Ja, tatsächlich, mit dieser Ansammlung an nahezu unbekannten und mäßig begabten, jedoch vor allem betagten Fußballern wurde Otto Rehhagel 2004 in Portugal Europameister. Der deutsche Trainer hat die Welt schon viele wundersame Dinge gelehrt: Zum Beispiel, wie man mit einem Aufsteiger deutscher Meister wird. Oder wie man auf einem abgeknickten Finger pfeift. Nun also: Wie man mit einer Nationalelf, die ausschließlich Ecken treten und Kopfbälle kann, trotz antiquierter Fußballtaktik den EM-Titel holt.

Schon in der EM-Vorrunde hatten die Griechen verblüfft.
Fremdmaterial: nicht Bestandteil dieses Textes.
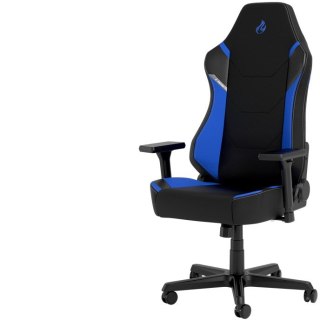 NITRO CONCEPTS Nitro Concepts X1000 Fotel dla gracza Tapicerowane siedzisko Czarny, Niebieski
Zum Auftakt schlugen sie Gastgeber Portugal und wurden Gruppenzweiter. Es folgte die minimalistischste Hauptrunde, die je eine Nation gespielt hatte: 1:0 im Viertelfinale gegen Frankreich, 1:0 im Halbfinale gegen Tschechien, 1:0 im Finale erneut gegen Portugal. Den goldenen Treffer erzielte der damalige Bremer Angelos Charisteas. Natürlich per Kopfball, natürlich nach einer Ecke.
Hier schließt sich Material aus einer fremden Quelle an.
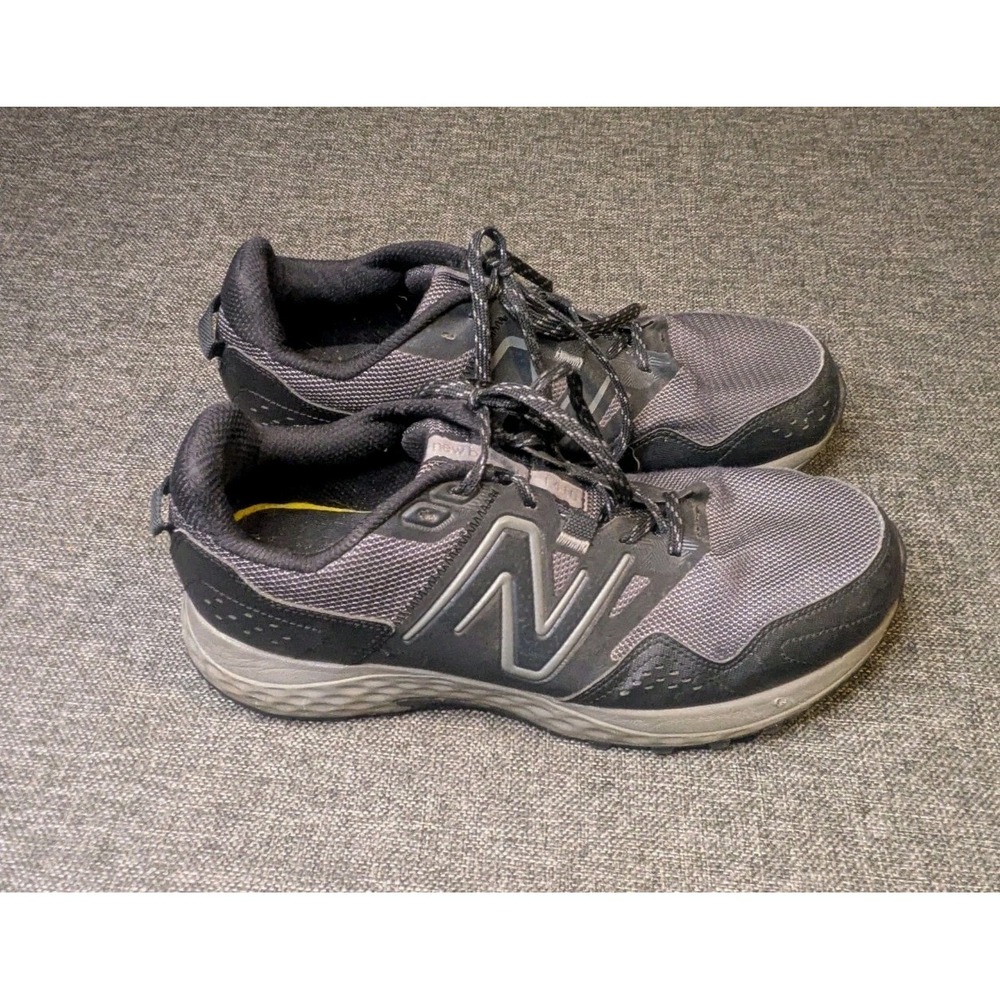 New Balance T410 Trail Running Shoe Mens 11 4E EXTRA WIDE Black Sneaker MT410LB8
Während ganz Fußball-Europa an seiner Kultur zweifelte, erklärte Rehhagel mit großer Geste die Fußball-Welt: "Die Griechen haben die Demokratie erfunden. Ich habe die demokratische Diktatur eingeführt", sagte er damals. Oder auch: "Modern spielt, wer gewinnt." Oder: "Bislang macht jeder, was er wollte. Jetzt macht jeder, was er kann."
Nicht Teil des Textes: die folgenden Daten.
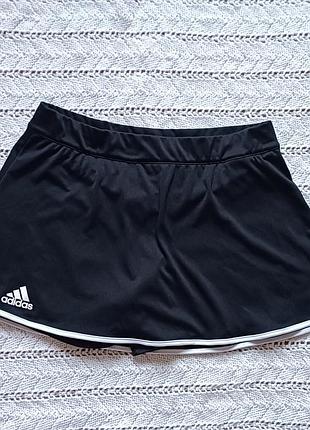 Adidas жіночі спортивні шорти-спідниця, розмір s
Die Fußballgroßmächte schworen sich indes: So etwas wie 2004 darf nie wieder passieren. Bis heute hat es geklappt. (ebc)

Tyson verliert gegen Douglas

Es waren skurrile Bilder, die da um die Welt gingen an diesem 11. Februar 1990. Mike Tyson, der Eiserne, der Unbesiegbare, der nach eigenem Dafürhalten "böseste Mensch auf dem Planeten", dieser Mike Tyson krabbelte im Ringstaub und suchte nach seinem Mundschutz, so wie ein kleines Kind nachts im Bett nach seinem Schnuller tastet. James Douglas, genannt "Buster", hatte Tyson in der zehnten Runde mit einer schönen Kombination niedergeschlagen.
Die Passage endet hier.